You are nearly there as you are getting nitrates and nitrites are near 0. A couple more days you should be fine. Make sure and do not let the ammonia bottom out for too long or the BB will start to die off. Make sure you keep the ammonia to at least 1ppm(after it drops to 0) to ensure the BB stay fed. Then right before you are going to add livestock do a 90-100% WC and you are all set. 

And yes continue to use what ever water you were going to use in the tank. I was just stating in my case for my Shrimp tanks I am remineralizing RO water but had to use tap water to kick start the cycle. Then in my case once my tanks were cycled I was able to go back to using remineralized RO water. But in your case just stick to tap.


----------



## kmatsu (Sep 9, 2017)

clownplanted said:


> You are nearly there as you are getting nitrates and nitrites are near 0. A couple more days you should be fine. Make sure and do not let the ammonia bottom out for too long or the BB will start to die off. Make sure you keep the ammonia to at least 1ppm(after it drops to 0) to ensure the BB stay fed. Then right before you are going to add livestock do a 90-100% WC and you are all set.
> 
> And yes continue to use what ever water you were going to use in the tank. I was just stating in my case for my Shrimp tanks I am remineralizing RO water but had to use tap water to kick start the cycle. Then in my case once my tanks were cycled I was able to go back to using remineralized RO water. But in your case just stick to tap.


Yay! I am puzzled, though, because I never really have seen the nitrites go up very much --- they only went up to 2.0 on the 1st and 2nd day of the cycling process (way back on Oct.17-18), and then went and stayed at zero from then on --- only went up to 0.25 on Oct. 30th. Can't figure that out. 

Aren't nitrites supposed to do a big spike when the ammonia starts going down? Mine doesn't seem to be following that pattern. Does the fact that I have plants in there have something to do with it? Do plants make it different?



clownplanted said:


> You are nearly there as you are getting nitrates and nitrites are near 0.
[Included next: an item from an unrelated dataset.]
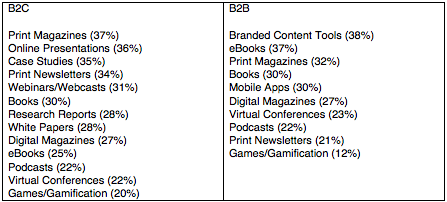 Birmingham seo services 15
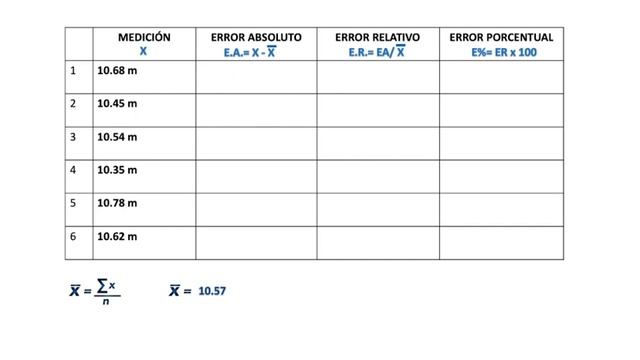 ERRORES DE MEDICION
Or, it just occurred to me, could the fact that I have a lot of filter media borrowed from my other established tanks in the Spec III, mean they have converted the ammonia to nitrites and then to nitrates super-fast, so it seems I never really have seen much nitrites?

I'm all new to this, so I'm still trying to figure out how this all works....:smile2:


----------



## clownplanted (Mar 3, 2017)

kmatsu said:


> Or, it just occurred to me, could the fact that I have a lot of filter media borrowed from my other established tanks in the Spec III, mean they have converted the ammonia to nitrites and then to nitrates super-fast, so it seems I never really have seen much nitrites?
> 
> I'm all new to this, so I'm still trying to figure out how this all works....:smile2:


In most cases borrowing media from an existing cycled tank usually means that yes you will be instantly cycled. A way to check this is add Ammonia and see if you end up seeing nitrates. If you were getting nitrates the entire time then most likely you were cycled. But if you did not add food for the BB(Ammonia) then they could of died off. 

Also when I researched this I found out that depending on your PH level of the tank you have different species of BB that convert Ammonia to Nitrites and Nitrites to Nitrates. So lets say you use media from a tank that had a PH of 8 and moved it to a tank that had a PH in the 6's it is possible those BB may not survive and will need to start the cycle again this time with the BB that will survive in the lower PH. I am not 100% on this but just gathered that from research. 

Also keep in mind the Fluval Stratum will lower your PH to about 6.6. So I doubt going from 7.0 to 6.6 will cause an issue and have different strand of BB. But like I stated originally with that substrate it will bring your PH to around 6.6 always until it is depleted and also remove any KH. So after adding tap no matter the level of PH/KH it will after a day or sooner bring it down to PH 6.6 and KH 0. So the more KH you are adding and the substrate has to remove the faster it will deplete the substrate and it will no longer buffer your PH.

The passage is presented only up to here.